Locke’s influence on the American founders can hardly be denied. When he writes of life, liberty, and the pursuit of private property—he repeatedly used the expression “life, liberty, and estate” or variants—it sounds almost as if the Founders retroactively wrote some Lockean passages. It’s a good reminder of our national cultural, political roots.
The interweb is a funny thing. One never knows what, at any given moment, one will discover. This morning I stumbled on a discussion involving David Harsanyi editor at one of my favorites, The Federalist, over John Locke (1632–1704), God, and natural rights. The thread was difficult to follow (one of the weaknesses of Twitter) but Harsanyi seemedto be suggesting that Locke did not believe that rights come from God. Please note the qualification, seemed. This discussion came out of his defense this morning of Ted Cruz’s idealistic and “God-heavy” announcement of his candidacy for the office of President of the United States. Harsanyi writes,
The Declaration of Independence states, “We hold these truths to be self-evident, that all men are created equal, that they are endowed by their Creator with certain unalienable Rights, that among these are Life, Liberty and the pursuit of Happiness.” This founding document informs the Constitution, which restricts government from meddling in important areas of our lives. That’s how the Founders saw it. That’s how we’ve pretended to see it for a long time. Some of us believe that these natural rights, divine or secular, are universal, that they can’t be repealed or restrained or undone by democracy, university presidents, or rhetorically gifted presidents.
If that’s God’s position – or, more specifically, if enough people think that’s His position – well then He’s my co-pilot, as well.
Even though Harsanyi, a self-identified atheist, finds Cruz’s rhetoric a little too religious for his tastes, if he has to choose between those elites who cluck at traditional American rhetoric about rights coming from God and Cruz, he’s happier with Cruz.

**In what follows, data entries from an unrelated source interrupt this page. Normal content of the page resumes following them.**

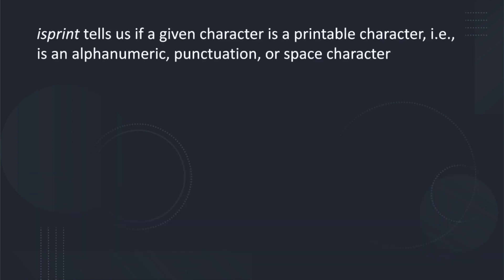Next, the isPrint function tells us if a given character is a printable character, that is, it tells us if the character is an alphanumeric, a punctuation, or a space character. Note the difference between isPrint and isGraph: essentially isPrint also includes the space character, whereas isGraph does not because the space is shown as an empty space and so does not have a graphical representation, but it is considered a printable character.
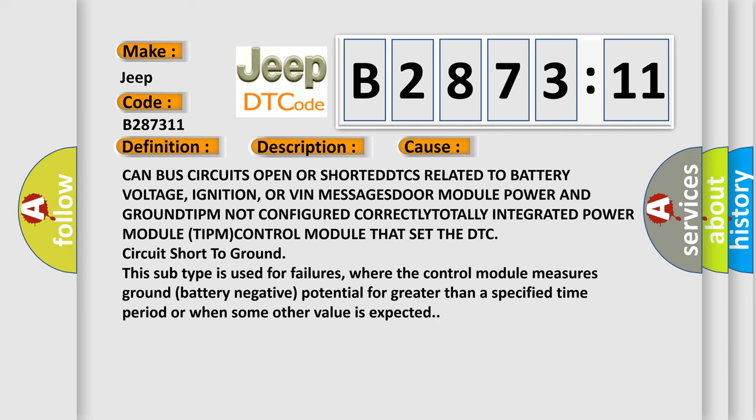This diagnostic error occurs most often in these cases: Can bus circuits open or shorted, DTCs related to battery voltage, ignition or VIN messages, door module power and ground, TIPM not configured correctly, totally integrated power module TIPM control module that set the DTC circuit short to ground.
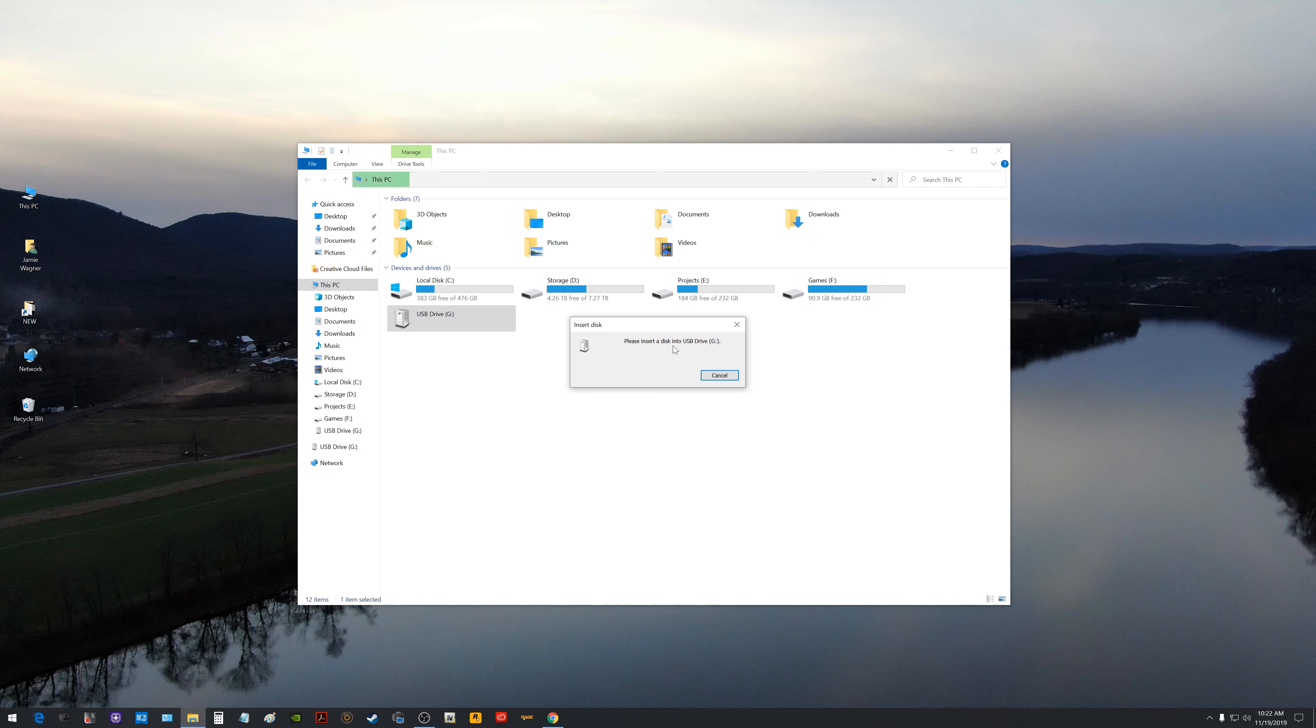Now before we go any further I just want to mention because this is very important that if any of you have data on your thumb drive like pictures, music, or videos and so forth that you're trying to get your drive to work again and for whatever reason this happened to you, do not continue to watch this particular video because I'm going to format this and that stuff will be unrecoverable. So if you're looking to recover your data and get it back and showing up that's going to be for a different video.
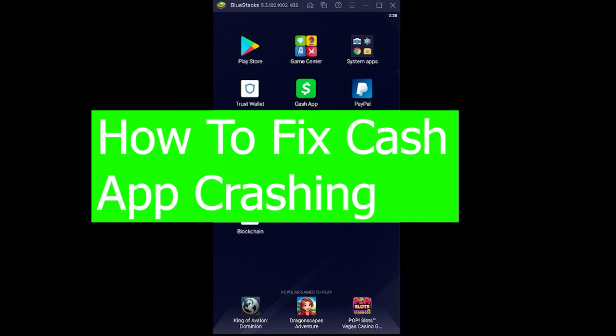Welcome back to our channel Beginners Guide, everybody. Today's video is on Cash App and how you guys can fix your Cash App from crashing. So let's say you download Cash App and you use it frequently, but after some time, let's say today you try to open your Cash App and it automatically closes.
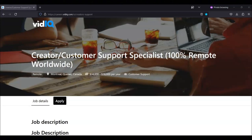Hi, this is Dave from Dave's Ways to Make Money. And for today's video, I'm going to be sharing with you information about this Creator Customer Support Specialist position that's being offered by vidIQ.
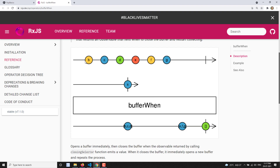Looking at the marble diagram: there is a source observable emitting B, C, D and an intermediate observable using bufferWhen. When the intermediate observable emits, B, C, D which are stored in the buffer are displayed as an array. Similarly, E, F, G are buffered and when the source observable completes, E, F, G are printed immediately.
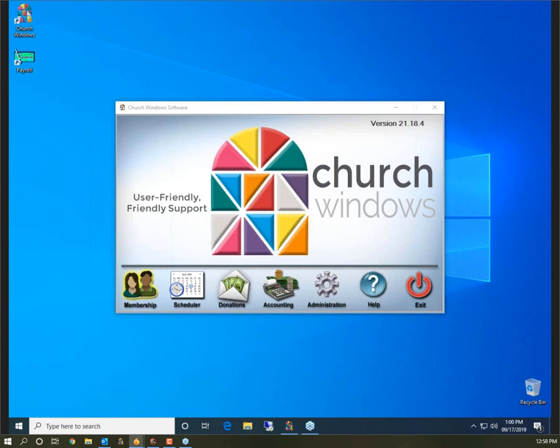Hello everyone and welcome to today's webinar. My name is Rachel Klein and I will be your presenter for the next 20 minutes. Today we're going to be talking about running a directory in Church Windows Membership, and we're also going to look at the different templates available as well as how to customize those directory templates to get the directory look you need from the program.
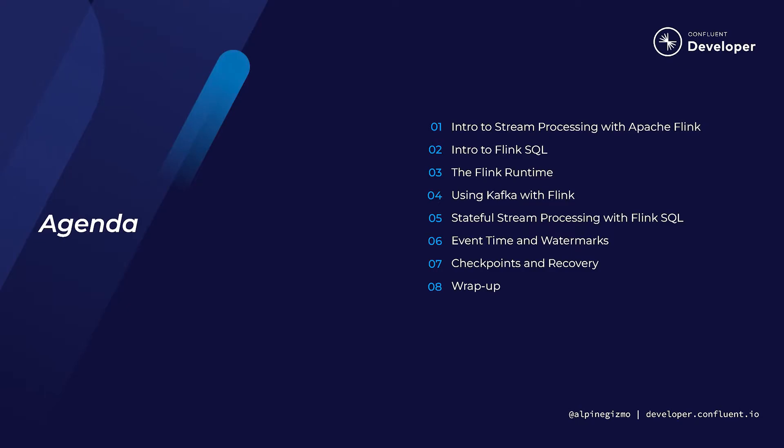Apache Flink is a battle-hardened stream processor widely used for demanding real-time applications. Its performance and robustness are the result of a handful of core design principles, including a share-nothing architecture featuring local state, event time processing, and state snapshots for recovery.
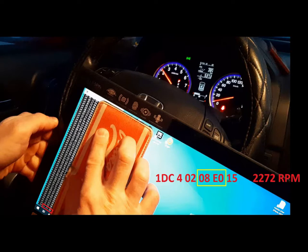With some reverse engineering we could figure out that the messages with ID equal to 0x1DC are responsible for the dashboard tachometer. This 4-byte message stands for 2272 RPM.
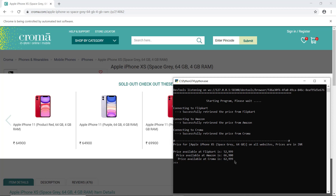This is an amazing method — you get the price of the same product on multiple websites and can make a decision. Similarly, you can do this for other products from any e-commerce website or any website that offers a price. This is a universal principle that can be applied to any product across any range, giving you the latest price for comparison.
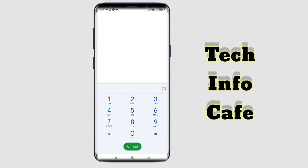Hello friends! Welcome to TechInfoCafe Day. In this video, we are going to talk about your phone with the IMEI number.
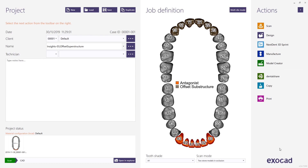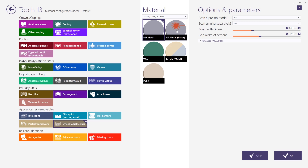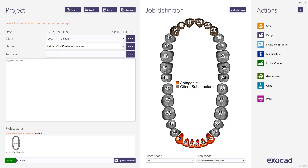To start, we need to define the offset substructure in DentalDB. We do this by clicking on element 13, select offset substructure, select the right material and press OK. We did this for element 13 until 23. To visualize the distance between both jaws we also implemented a lower jaw as antagonist. Click save and design to go through the design steps.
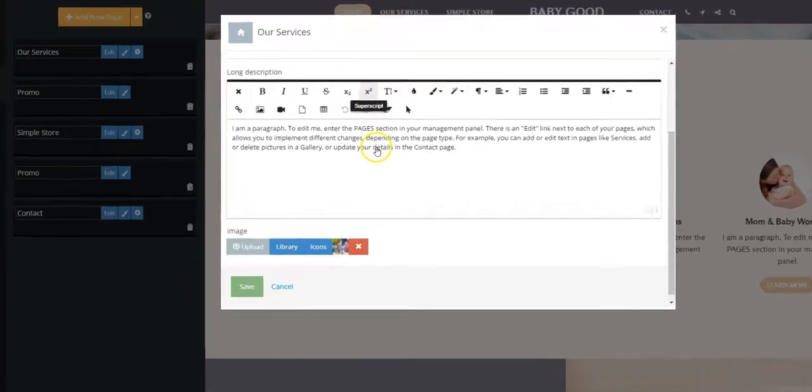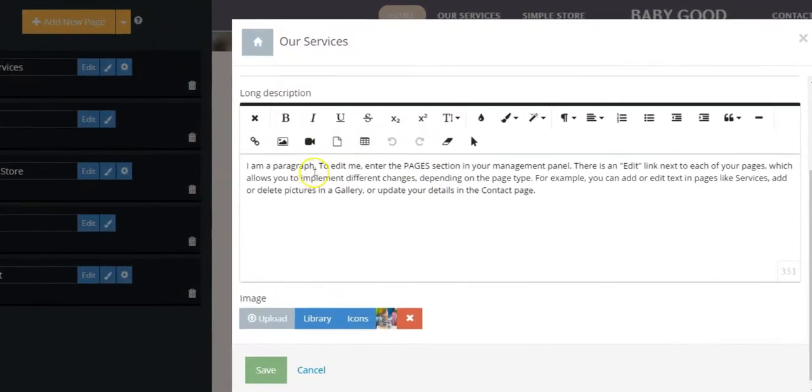Inside the text editor, select the text to have your files link and click on the Upload File icon.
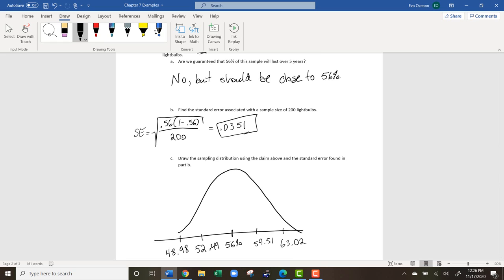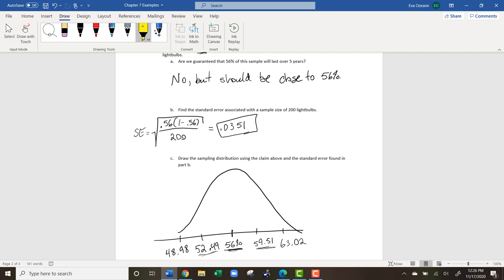Here's a good way to think about this: if you continue to take sample after sample of 200 light bulbs, most samples would have around 56% lasting over five years, with most falling between 52.49% and 59.51%. If you took a sample and 65% lasted over five years, that would fall out beyond two standard errors — possible but very rare.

On one side of the deep cultural divide, the very notion that God tells us anything is silly. That’s why you see many journalists react with confusion or with contemptuous tweets or feel the need to highlight something so obvious. On a political level, the idea that God can give us unalienable rights only threatens an agenda that doesn’t exactly hold your right to live in peace without interference sacred. And this lack of reverence for rights will lead to a serious battle between religious freedom and progressive aims.
Harsanyi’s invocation of Locke this AM puzzled me—it’s been a long time since I read Locke’s Second Treatise but thanks to the good folks at the Liberty Fund both his First Treatise and his more familiar Second Treatise are easily accessible online. My political science profs (one of them at least, the fellow whose lectures made me want to major in poli sci) used to say that when Locke and his contemporaries wrote about God they were kidding. After re-reading bits of the Two Treatises (1689) I was surprised to find that much of the First Treatise was a detailed exegetical commentary on Genesis 1. Repeatedly in both treatises he treated Adam and Eve as historical figures. He refers sincerely to God more than 300 times. Hence the reference to fundamentalism. In today’s climate, a political theorist who wrote about God as if he really is and Adam and Eve as if they actually were would be regarded as having a slippery grasp on reality or as a fundamentalist of some sort. Doubtless snide references to the Christian Taliban would soon follow on Twitter.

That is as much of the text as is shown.